Pr Lecas Atondi Monmondjo

Telle est notre interrogation à tous, surtout après des graves incidents intervenus à Pointe-Noire lors des obsèques du Président THYSTERE TCHICAYA, au début du mois de Juillet 2008.
Un grand chahut, accompagné de désordres divers, a provoqué un choc dans l’opinion et surpris. Habituellement, dans les sociétés des peuples de langues bantu, le deuil est un moment de recueillement, et l’on dit bien souvent qu’il constitue une occasion de faire table rase des querelles de famille.

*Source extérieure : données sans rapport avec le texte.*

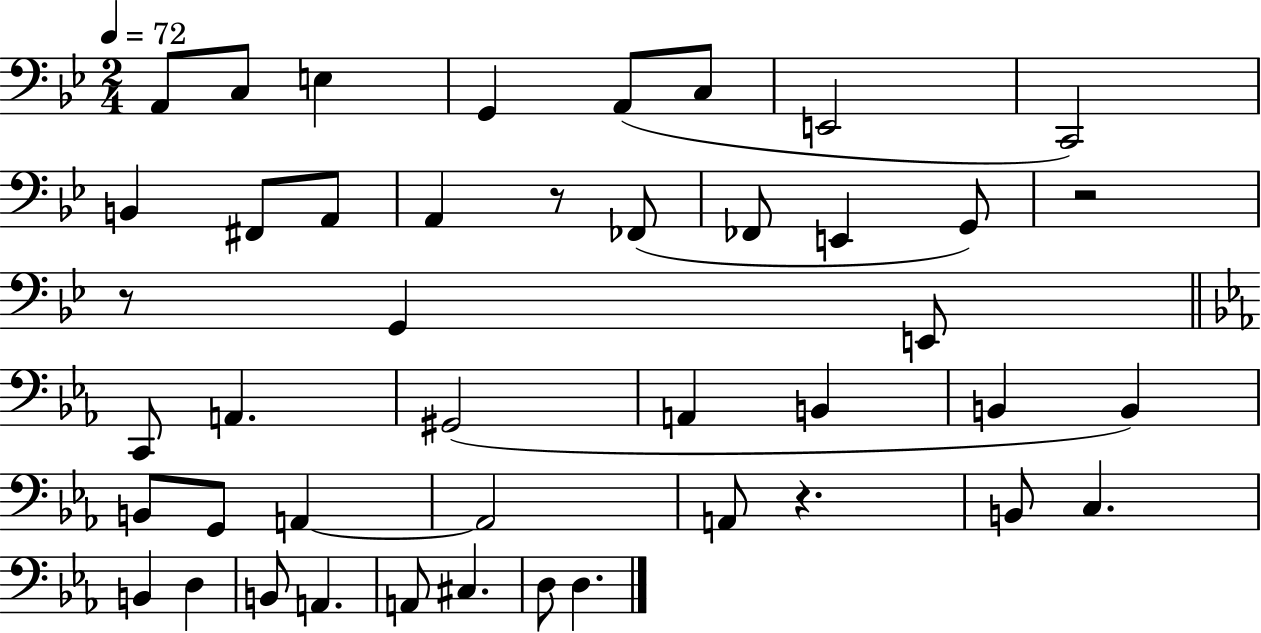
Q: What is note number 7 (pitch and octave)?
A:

Jean Pierre THYSTERE TCHICAYA, grand leader dans le Kouilou et à Pointe –Noire où il fut Maire, était connu pour sa pondération, et formé à l’école des missionnaires, puis à l’Ecole Normale Supérieure (Saint-Cloud) en France. Il fut ainsi moulé dans les normes de la modernité française ; mais la société à laquelle il appartenait ne continuait-elle pas à entrevoir les choses comme nos ancêtres d’il y a un siècle ? On peut dire que chez chaque Congolais, aussi bien chez les adultes, que chez les jeunes cohabitent des habitudes qui ne se complètent pas toujours avec harmonie.

Palais du parlement
Palais du parlement a brazzavillr

Il y a, à n’en point douter, des tiraillements au plan culturel. Ainsi les faits de société peuvent être considérés comme relevant de la rationalité que l’école a imprimée à notre pensée de Congolais. Mais les pesanteurs de notre société viennent à la fois tordre le cou à notre position rationnelle. Et l’on se surprend pourtant à s’interroger sur la nature des Congolais, et particulièrement des jeunes ?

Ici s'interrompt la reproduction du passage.